How the AI Uses Your Documents

Understand how Synaptiq retrieves and uses your uploaded documents to generate accurate, grounded answers.

How the AI Uses Your Documents

When a customer asks your Synaptiq AI agent a question, the answer does not come from the AI's general training data. It comes from the specific documents you uploaded to your knowledge base. This page explains how that works so you can structure your content for the best possible results.

The Short Version

  1. A customer asks a question.
  2. Synaptiq searches your knowledge base for the most relevant sections of your documents.
  3. Those sections are provided to the AI as context.
  4. The AI generates an answer based on that context.
  5. If no relevant content is found, the AI says it does not know rather than guessing.

This approach is called Retrieval-Augmented Generation (RAG), and it is the core of what makes Synaptiq accurate and trustworthy instead of creative and unreliable.

Retrieval-Augmented Generation (RAG) Explained

Large language models are trained on vast amounts of text from the internet, but they do not know anything about your specific products, pricing, or policies. Left on their own, they will either make things up or give generic answers.

RAG solves this by adding a retrieval step before generation:

  • Without RAG: Customer asks a question, the AI generates an answer from its general knowledge, which may be wrong or outdated.
  • With RAG: Customer asks a question, the system retrieves relevant content from your documents, and the AI generates an answer grounded in that specific content.

Think of it like the difference between asking someone to answer from memory versus handing them the reference manual and asking them to look it up first. The second approach is far more reliable.

How Document Processing Works

When you upload a document, Synaptiq does not store it as a single blob. It goes through a multi-step processing pipeline.

Step 1: Text Extraction

The raw text is extracted from your document. For PDFs, this means parsing the PDF structure. For DOCX files, it means reading the underlying XML. For TXT and MD files, the content is used as-is.

Step 2: Chunking

The extracted text is split into smaller sections called chunks. Chunking is essential because when a customer asks a question, the AI does not need your entire 30-page product guide. It needs the two or three paragraphs that are actually relevant.

Synaptiq chunks your documents intelligently:

  • Heading-aware splitting. If your document uses headings (H1, H2, H3), chunks align to section boundaries. A section titled "Pricing" stays together rather than being split in half.
  • Size-controlled. Each chunk stays within a target size range (typically 500-1500 tokens) to balance completeness with precision.
  • Overlap. Adjacent chunks share a small amount of overlapping text so that information near a chunk boundary is not lost.

This is why document formatting matters. A well-structured document with clear headings produces clean, topic-focused chunks. A wall of unformatted text produces chunks with mixed topics, leading to less precise retrieval.

Step 3: Embedding

Each chunk is converted into a vector embedding, which is a numerical representation of the chunk's meaning.
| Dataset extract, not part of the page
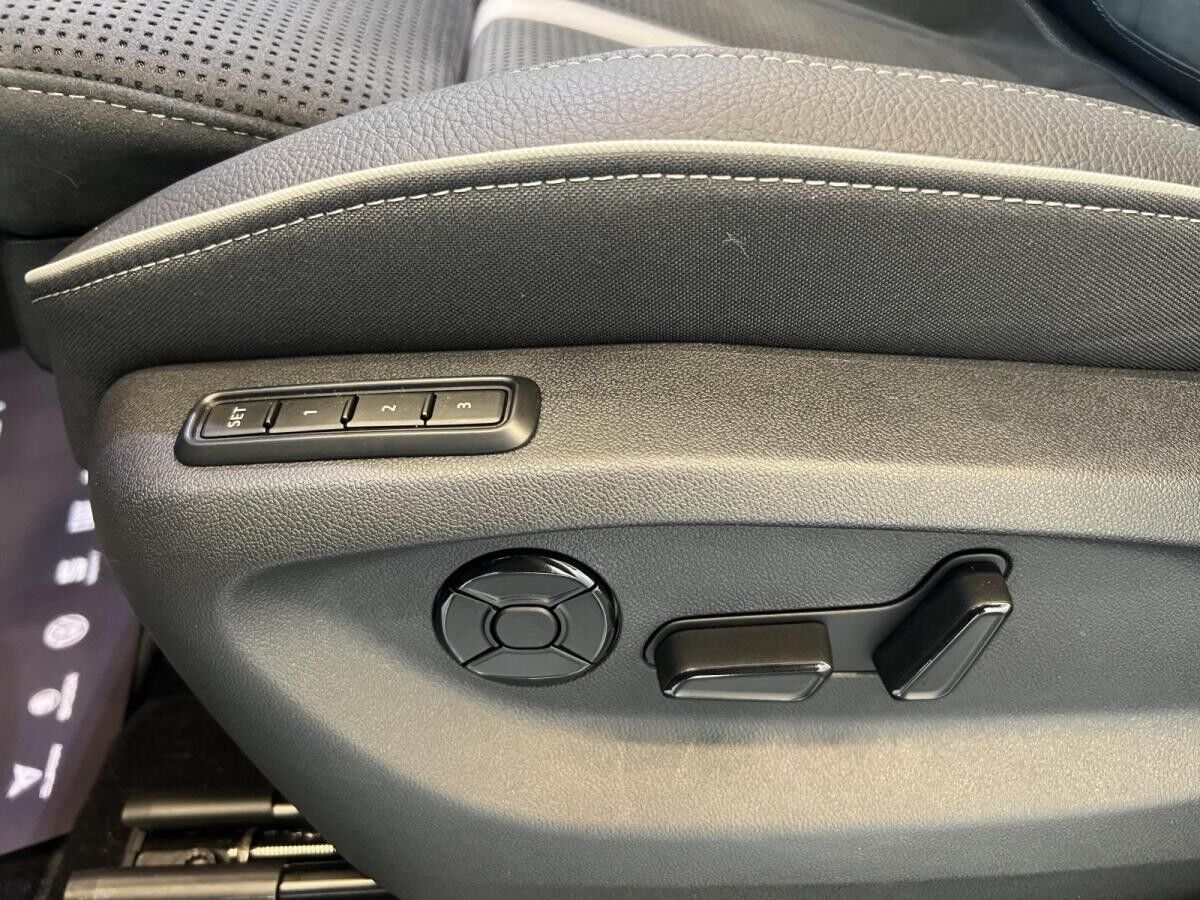 Skoda Kodiaq Sportline Plug-In 0,5% Alle-Pakete|AHK|20"|HUD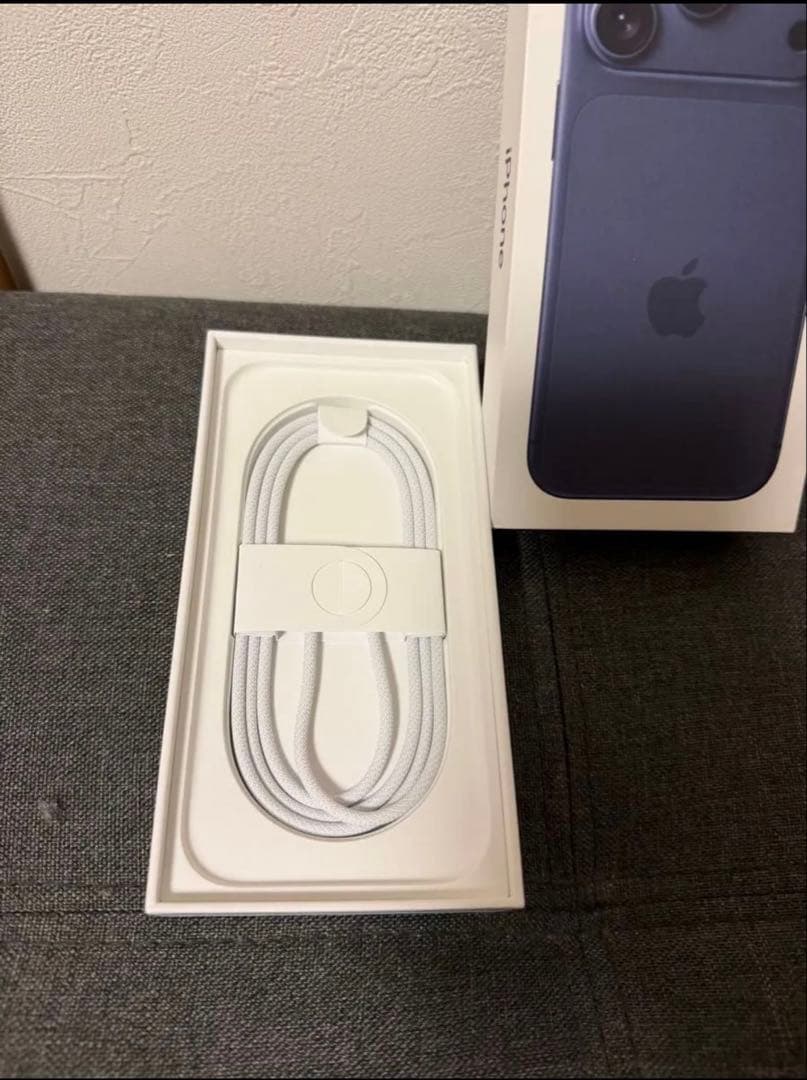 【新品同様】iPhone 17 Pro 256GB ディープブルー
Two chunks about similar topics will have similar embeddings, even if they use different words.

For example, a chunk about "monthly subscription cost" and a customer question about "how much does it cost per month" will have very similar embeddings, allowing the system to match them even though the exact wording differs.

These embeddings are stored in a vector database that enables fast similarity searches across all your documents.

What Happens When a Customer Asks a Question

Here is the step-by-step flow when a real conversation happens:

1. Query Embedding

The customer's question is converted into the same type of vector embedding used for your document chunks. This puts the question and your content into the same mathematical space where similarity can be measured.

2. Similarity Search

Synaptiq searches your vector database for the chunks whose embeddings are most similar to the question's embedding. It retrieves the top matching chunks, typically between 3 and 8 depending on how much relevant content exists.

3. Relevance Scoring

Each retrieved chunk receives a relevance score between 0 and 1. Chunks that closely match the question's intent score higher. Chunks that are only tangentially related score lower.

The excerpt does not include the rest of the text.